** Work instructions **
From the line containing "BATHWA Wood and" down to the line containing "Kenning - Low", copy out the entries below exactly, both lines included, and nothing else; pictures do not belong in the copy.

** Data supplied **

*****

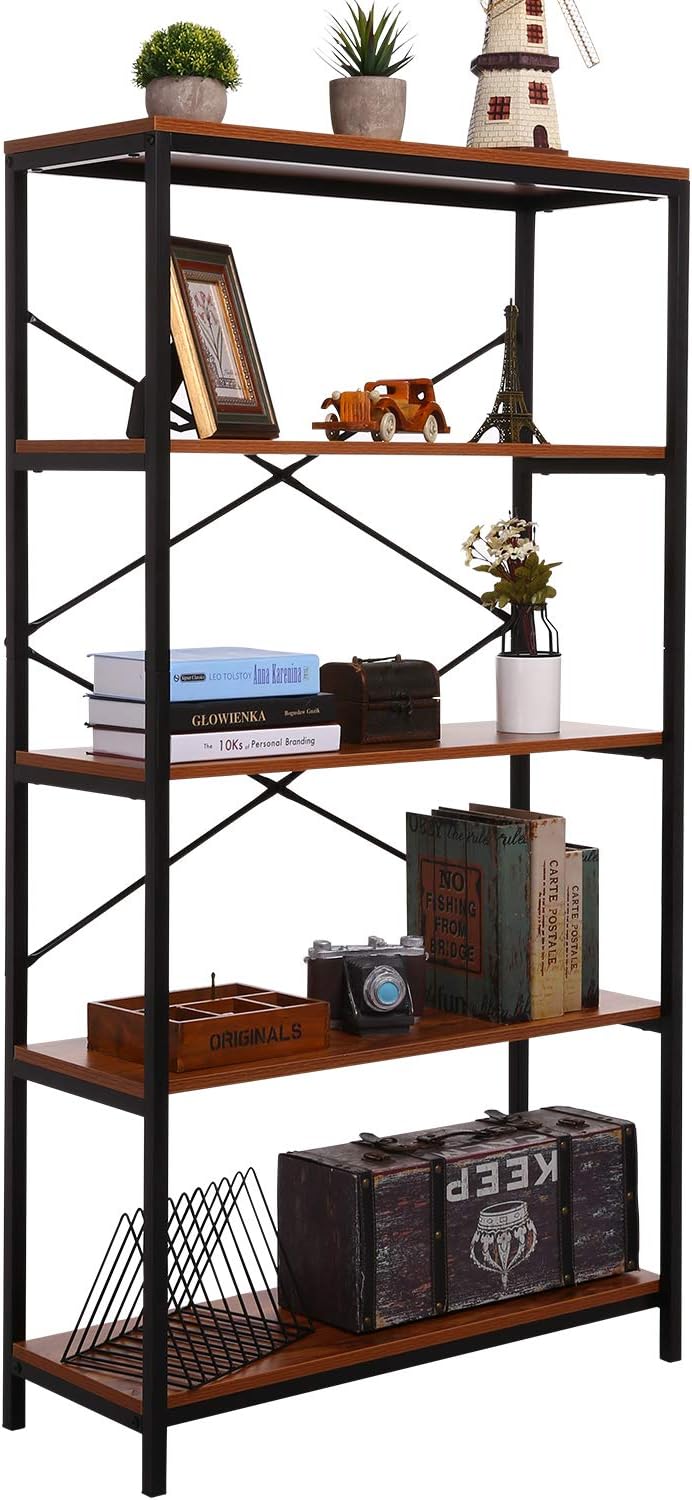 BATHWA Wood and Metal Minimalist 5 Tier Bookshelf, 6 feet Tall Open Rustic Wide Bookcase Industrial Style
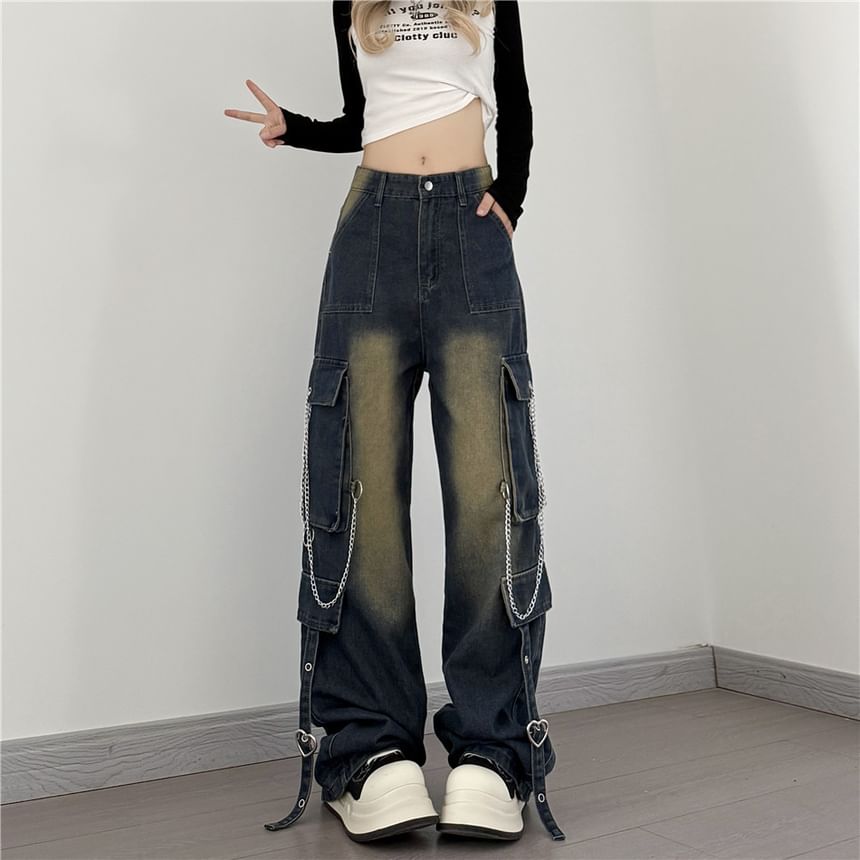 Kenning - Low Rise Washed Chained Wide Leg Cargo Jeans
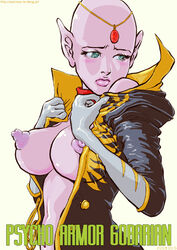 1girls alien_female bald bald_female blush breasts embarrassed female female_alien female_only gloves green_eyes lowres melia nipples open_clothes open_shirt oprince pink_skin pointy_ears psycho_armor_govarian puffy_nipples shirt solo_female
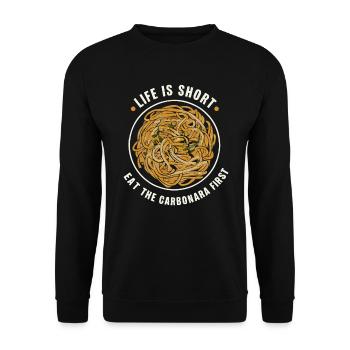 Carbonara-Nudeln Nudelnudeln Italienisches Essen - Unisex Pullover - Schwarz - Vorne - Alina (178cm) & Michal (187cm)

*****

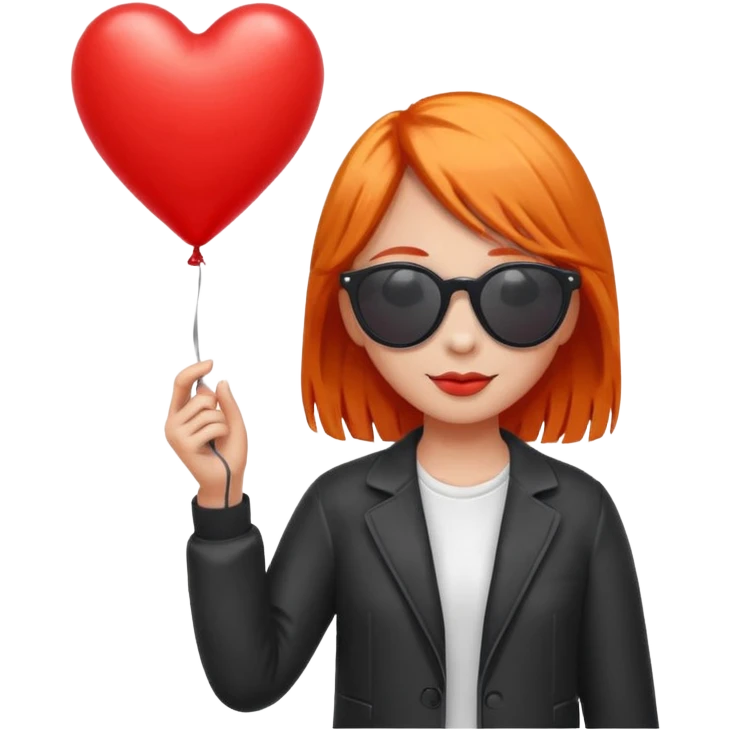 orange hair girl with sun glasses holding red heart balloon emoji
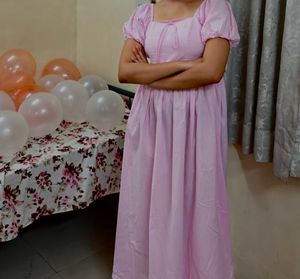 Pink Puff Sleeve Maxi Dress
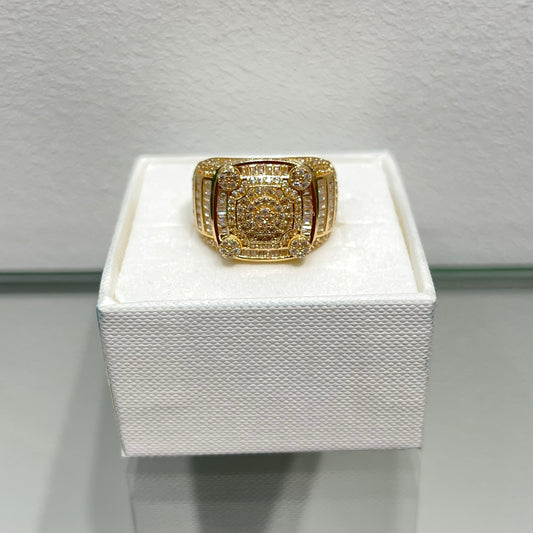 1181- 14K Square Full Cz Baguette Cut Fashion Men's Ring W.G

*****

** Response below **
 BATHWA Wood and Metal Minimalist 5 Tier Bookshelf, 6 feet Tall Open Rustic Wide Bookcase Industrial Style
 Kenning - Low Rise Washed Chained Wide Leg Cargo Jeans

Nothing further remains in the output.